DARI SUDUT GELAP DUNIA FASHION.
'Sebelum tulisan ini saya lanjutkan, perlu saya pertegas jika konteks tulisan ini adalah mode cutting-edge sebagai bentuk perlawanan terhadap mode mainstream. Ya. Perlawanan. Seperti kita ketahui, industri mode mainstream melahirkan banyak sisi gelap nan kejam yang tercipta berkat trik-trik pemasaran 'brilian' mereka dengan anggaran miliaran: overkonsumerisme, adiksi akut terhadap sifat kepemilikan, yang pada akhirnya menjadikan manusia atau konsumennya sebagai mahkluk nihil esensi yang hanya mengejar citra. Dangkal.
'Sesuai 'status'-nya, merek-merek cutting-edge seharusnya menjadi bagian dari counter-culture atau bentuk perlawanan terhadap apapun yang 'terlalu berkuasa dan merusak'. Dan di zaman global yang serba instan ini, merek apa saja yang mengaku diri sebagai 'pelawan arus' semestinya tidak lagi hanya berani 'melawan' secara desain dan kualitas (contoh: desain dan kata-kata provokatif dengan bahan berkualitas prime) karena percayalah, hal-hal tersebut sudah 'disikat' dan 'dikemas' dengan jauh lebih baik dan terkurasi oleh merek-merek mainstream yang 'terlalu berkuasa' itu.
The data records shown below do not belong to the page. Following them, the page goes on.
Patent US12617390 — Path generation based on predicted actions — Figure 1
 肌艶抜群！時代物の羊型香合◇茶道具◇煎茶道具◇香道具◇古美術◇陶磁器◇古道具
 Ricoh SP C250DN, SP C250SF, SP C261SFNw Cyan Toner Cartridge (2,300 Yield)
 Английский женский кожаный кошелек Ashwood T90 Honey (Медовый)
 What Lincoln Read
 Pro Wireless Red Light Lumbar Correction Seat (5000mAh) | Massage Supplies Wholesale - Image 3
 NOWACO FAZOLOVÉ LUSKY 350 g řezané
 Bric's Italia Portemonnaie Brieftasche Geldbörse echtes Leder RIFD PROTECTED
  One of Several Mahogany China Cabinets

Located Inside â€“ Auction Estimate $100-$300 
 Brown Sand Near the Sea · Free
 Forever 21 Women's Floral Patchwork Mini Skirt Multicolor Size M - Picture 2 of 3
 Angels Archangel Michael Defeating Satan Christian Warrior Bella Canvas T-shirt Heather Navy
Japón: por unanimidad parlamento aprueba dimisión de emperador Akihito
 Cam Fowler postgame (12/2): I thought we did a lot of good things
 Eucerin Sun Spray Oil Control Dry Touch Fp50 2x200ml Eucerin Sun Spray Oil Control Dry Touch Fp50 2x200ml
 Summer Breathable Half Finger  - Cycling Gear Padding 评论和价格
Jika perlawananmu hanya sebatas desain dan slogan tanpa didukung penekanan esensi dan attitude serta perilaku lapangan yang kuat, kamu akan selalu tertinggal. Dari sinilah ide tulisan ini muncul. You can't be a wannabe and then expect a genuine love and respect from others just coz you're playing it 'safe'
'Jika secara desain dan kualitas kita sudah berada di level 'bisa diadu' dengan desain dan kualitas merek mainstream, untuk apa kita mengikuti cara-cara pemasaran mainstream yang 100% hanya bertujuan mencari keuntungan? Lalu apa bedanya kita dengan 'mere-ka'? Yang membedakan institusi mainstream dengan institusi cutting-edge itu apa? Cari esensinya. Apa yang cutting-edge atau berbahaya tentang sebuah clothing brand yang tujuan utamanya hanyalah keuntungan, tanpa ada pesan perubahan DAN aksi nyata yang kita (sebagai generasi yang muak) ingin sampaikan atau lakukan terhadap peradaban yang makin berkarat ini? Apakah kita ingin meniru merek mainstream dan menjadikan semua konsumen kita sebagai 'robot pembeli' tanpa tahu esensi dan alasan apakah mereka 'membutuhkan' produk kita atau tidak? Apakah kita mendewakan konsumerisme yang nihil esensi? What's so dangerous about that? Fuck your 'cutting-edge' bullshit if that's your only goal.
Jika dianalogikan dengan dunia musik, tak usah menjual citra indie, cutting-edge, berbahaya jika pesan, lirik, attitude yang disampaikan secara esensi tiada beda dengan band atau musisi mainstream yang cenderung menjual tema-tema 'penumpulan syaraf kritis'. Sorry, kids, tapi dunia ini sudah lama terbakar dan membutuhkan 'pengasah-pengasah' syaraf untuk memadamkannya. Otherwise, we all just become slaves and we're no other than 'they are': a robot, a money-making machine. Just another 'born-school-work-death' routine. Sedangkal itukah makna hidup kita?.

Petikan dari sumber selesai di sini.